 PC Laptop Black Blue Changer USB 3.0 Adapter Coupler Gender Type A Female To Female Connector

--

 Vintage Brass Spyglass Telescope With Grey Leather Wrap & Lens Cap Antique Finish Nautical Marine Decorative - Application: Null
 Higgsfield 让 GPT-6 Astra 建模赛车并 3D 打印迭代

--

Please copy the lines in the records above between the one holding "Vintage Brass Spyglass" and the one holding "Higgsfield 让 GPT-6 Astra 建模赛车并 3D 打印迭代", inclusive, exactly and with no other line.

Response to the task:
 Vintage Brass Spyglass Telescope With Grey Leather Wrap & Lens Cap Antique Finish Nautical Marine Decorative - Application: Null
 Higgsfield 让 GPT-6 Astra 建模赛车并 3D 打印迭代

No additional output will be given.